Given that the 1.22 release is imminent (ie. today) [0], it'd be great if this could be fixed. I'm also keeping an eye on some misbehaviours over in kubernetes/ingress-nginx and they've made the choice to drop support for < 1.19 in their 1.0.0 ingress controller release. I imagine a similar choice will need to be thought about here.

[0] https://github.com/kubernetes/sig-release/tree/master/releases/release-1.22

maybe-sybr commented 3 years ago

ping @seanmalloy @njuettner @Raffo, looks like you are active maintainers here.

There's potentially relevant previous discussion at #1931 which was closed since k3s was possibly removing stuff early. Not sure if that misbehaviour was related to this ingress informer issue though. A handful of other changes preparing for 1.22 have been merged in #2001, #2012 , #2120 . Any chance of getting this one sorted and cutting a 0.9 or 1.0 release?

Raffo commented 3 years ago

I am not sure that this is related to the new API version actually. The error in your example seems permission related 🤔

scholzj commented 3 years ago

@Raffo I run into the same problem as well with 0.8.0 (didn't try with 0.9.0 yet since the container image was not available).
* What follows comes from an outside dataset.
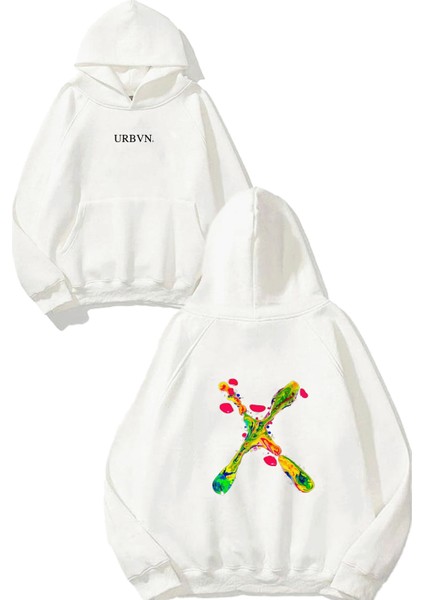 Thermal Lamp Tasarım Baskılı Oversize Beyaz Kapüşonlu Sweatshirt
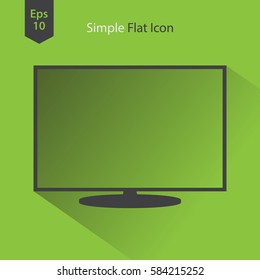 TV Flat Icon. Simple Sign Of Technology. Vector Illustrated Symbol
The same RBAC configuration seemed to work fine for me on 1.21 but has shown this error on 1.22.

alainvanhoof commented 3 years ago

After Upgrading a working 1.21.2 cluster to 1.22 external-dns started showing the above metioned error and stopped working. It looks like the source/ingress.go that is trying to get info from the resource is still requesting v1beta1 API while only v1 is available ( extinformers "k8s.io/client-go/informers/extensions/v1beta1" )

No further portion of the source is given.